De l’auto-propagande.
Ainsi va la vie au pays du sourire, pays de conte de fées où les pauvres payent pour magnifier une famille royale richissime.
Michèle Jullian Rédactrice Grand Reporter, photographe et écrivain
Pluton-Magazine/2017
Secrétariat de rédaction Colette Fournier
Michèle Jullian nouveau roman
Calais, Paris, Venise, Bangkok …. Camille cherche à s’émanciper de ses modestes origines calaisiennes. Spécialiste de l’ikebana, elle succombe au charme de Paul, brillant éditeur et jongleur de mots, puis de Doriane, ange entre deux sexes et aventurière de la nuit. Un trio ambigu, une passion destructrice.

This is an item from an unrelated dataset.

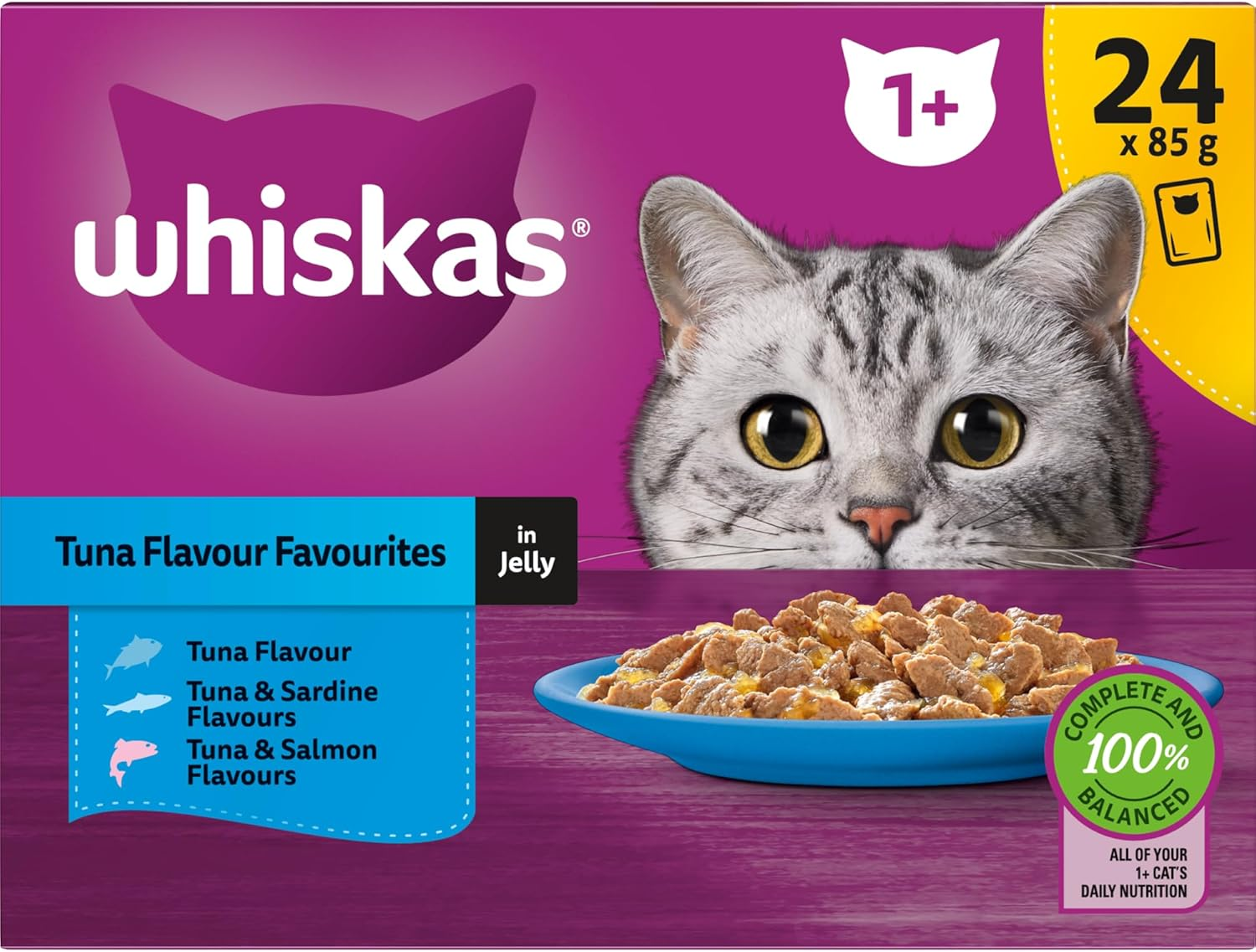 Whiskas Adult Wet Cat Food Tuna Favourites in Jelly Pouch 85G, 24 Pack image number 4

Qui manipule qui ? Qui est victime, qui est bourreau ? Ce sont les circonstances de l’existence qui se chargent bien souvent de la distribution des rôles. Alors, pour ne plus dépendre des mots de Paul ou du poison de Dorian
LE VELOURS DE L’ENFER : www.lulu.com/fr by Michele Jullian
Notes:
PS : pendant que je terminais l’écriture de cet article, j’appris que la junte venait de faire passer une loi (Gazette Royale) concernant les droits de succession. Tous les membres de la famille royale en sont exempts. Une mesure rétroactive, les fabuleusement riches n’auront pas à s’acquitter de l’impôt de 5 % sur l’héritage… (article paru dans le magazine PPT : Political Prisoner in Thaïland et titré « Keeping royals riche).
* « Chemises rouges » Un mouvement initié par Thaksin Shinawattra, Premier ministre, évincé du pouvoir par un coup d’État, en septembre 2006.
** Les bases américaines aériennes d’U Tapao, près de Pattaya, de Udon Thani et de Ubon Rachathani, au Nord-Est du pays, furent construites et utilisées pour les raids de bombardement des B52 sur le Vietnam et le Laos.
***« The King Never Smiles », biographie non autorisée du roi Bumiphol, par Paul Handley. Son livre est interdit en Thaïlande et les autorités thaïes ont bloqué l’accès à tous les sites internet qui en font la publicité.
**** Giles Ji Ungpakorn, auteur de « A coup for the rich » (le coup de 2006).